(What is needed) What lines of the data below hold the string "buttons"? Copy each one.

::: Information supplied :::

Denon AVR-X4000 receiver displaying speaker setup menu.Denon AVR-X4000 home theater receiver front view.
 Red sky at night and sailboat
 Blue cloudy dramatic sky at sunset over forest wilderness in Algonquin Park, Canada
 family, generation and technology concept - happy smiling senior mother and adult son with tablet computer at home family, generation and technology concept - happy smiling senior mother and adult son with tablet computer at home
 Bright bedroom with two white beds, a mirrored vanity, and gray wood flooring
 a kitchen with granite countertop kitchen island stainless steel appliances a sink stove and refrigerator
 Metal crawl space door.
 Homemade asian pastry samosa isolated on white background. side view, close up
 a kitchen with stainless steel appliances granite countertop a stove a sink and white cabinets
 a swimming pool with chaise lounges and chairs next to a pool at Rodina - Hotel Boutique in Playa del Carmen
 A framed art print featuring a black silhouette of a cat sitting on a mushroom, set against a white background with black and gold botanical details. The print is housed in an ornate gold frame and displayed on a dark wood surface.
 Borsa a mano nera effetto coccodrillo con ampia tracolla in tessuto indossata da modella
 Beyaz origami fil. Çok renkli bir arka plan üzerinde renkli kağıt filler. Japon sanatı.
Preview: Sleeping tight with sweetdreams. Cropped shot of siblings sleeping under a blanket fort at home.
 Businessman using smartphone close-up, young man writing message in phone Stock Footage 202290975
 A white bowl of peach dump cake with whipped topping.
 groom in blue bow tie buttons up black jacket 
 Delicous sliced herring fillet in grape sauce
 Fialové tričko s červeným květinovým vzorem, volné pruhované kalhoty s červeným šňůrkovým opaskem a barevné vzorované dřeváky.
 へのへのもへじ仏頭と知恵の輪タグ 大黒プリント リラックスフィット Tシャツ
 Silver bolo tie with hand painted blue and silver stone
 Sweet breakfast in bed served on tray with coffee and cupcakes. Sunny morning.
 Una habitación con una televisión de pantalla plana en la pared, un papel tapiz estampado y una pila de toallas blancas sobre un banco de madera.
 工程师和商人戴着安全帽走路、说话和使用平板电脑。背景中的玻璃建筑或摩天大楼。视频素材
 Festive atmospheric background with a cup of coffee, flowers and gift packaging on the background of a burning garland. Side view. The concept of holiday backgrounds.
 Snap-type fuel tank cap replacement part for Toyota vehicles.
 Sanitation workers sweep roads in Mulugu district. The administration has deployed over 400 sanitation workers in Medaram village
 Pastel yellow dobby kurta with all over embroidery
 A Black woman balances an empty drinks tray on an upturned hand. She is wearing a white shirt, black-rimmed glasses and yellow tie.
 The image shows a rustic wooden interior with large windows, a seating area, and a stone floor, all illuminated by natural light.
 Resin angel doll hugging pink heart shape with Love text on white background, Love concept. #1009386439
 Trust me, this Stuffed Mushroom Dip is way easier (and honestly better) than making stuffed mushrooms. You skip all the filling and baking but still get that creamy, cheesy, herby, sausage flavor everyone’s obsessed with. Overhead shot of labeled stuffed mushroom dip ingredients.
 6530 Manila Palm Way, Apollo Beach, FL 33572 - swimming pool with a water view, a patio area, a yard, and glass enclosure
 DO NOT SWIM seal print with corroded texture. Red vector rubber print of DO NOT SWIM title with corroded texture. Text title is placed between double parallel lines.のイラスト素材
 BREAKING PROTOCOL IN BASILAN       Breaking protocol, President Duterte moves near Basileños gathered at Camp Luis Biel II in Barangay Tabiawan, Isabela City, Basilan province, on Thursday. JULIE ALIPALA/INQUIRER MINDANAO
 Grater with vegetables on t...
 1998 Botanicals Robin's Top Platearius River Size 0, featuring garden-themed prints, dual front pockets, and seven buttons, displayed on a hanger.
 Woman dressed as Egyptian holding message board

:::

(The completed task)
 groom in blue bow tie buttons up black jacket 
 1998 Botanicals Robin's Top Platearius River Size 0, featuring garden-themed prints, dual front pockets, and seven buttons, displayed on a hanger.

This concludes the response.